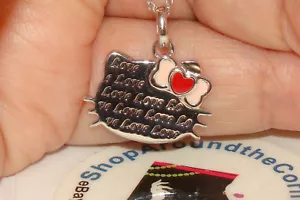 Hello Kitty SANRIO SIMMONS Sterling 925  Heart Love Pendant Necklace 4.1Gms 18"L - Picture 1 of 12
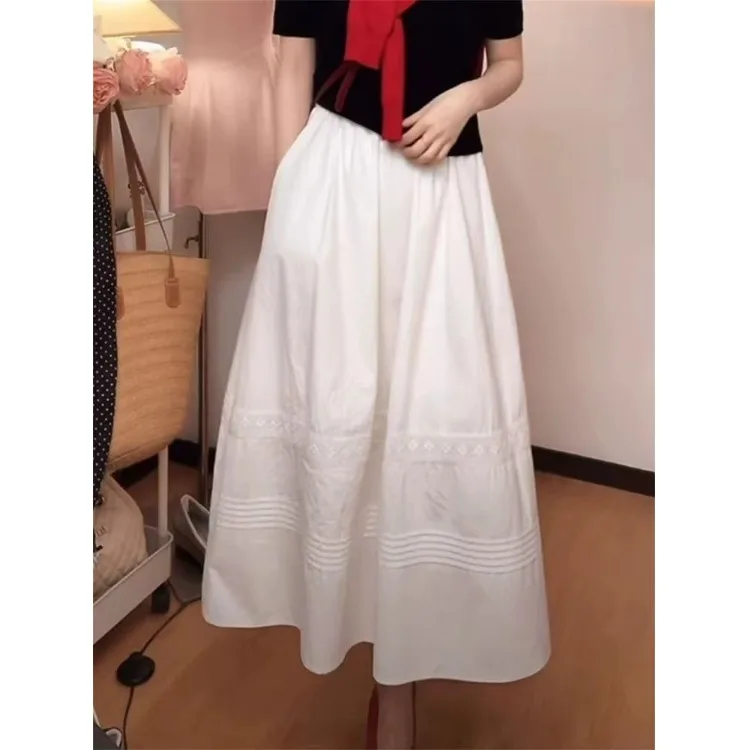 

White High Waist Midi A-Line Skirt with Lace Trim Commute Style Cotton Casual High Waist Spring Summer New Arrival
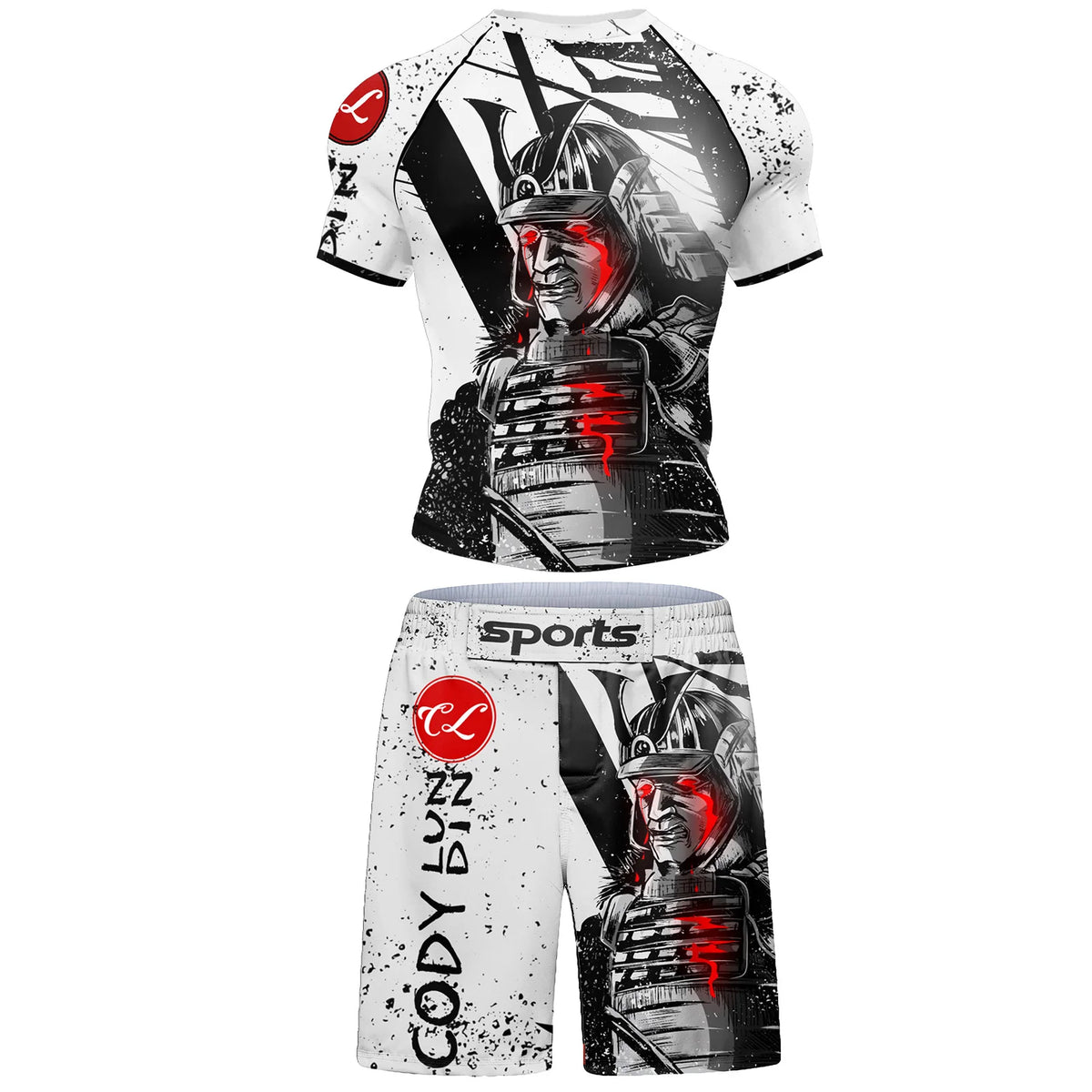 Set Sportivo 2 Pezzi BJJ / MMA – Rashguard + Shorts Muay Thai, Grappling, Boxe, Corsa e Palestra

#### [Problem description]
Give an exact copy of the listing above that leaves out every picture.

#### [Reply]
 Hello Kitty SANRIO SIMMONS Sterling 925  Heart Love Pendant Necklace 4.1Gms 18"L - Picture 1 of 12

White High Waist Midi A-Line Skirt with Lace Trim Commute Style Cotton Casual High Waist Spring Summer New Arrival
 Set Sportivo 2 Pezzi BJJ / MMA – Rashguard + Shorts Muay Thai, Grappling, Boxe, Corsa e Palestra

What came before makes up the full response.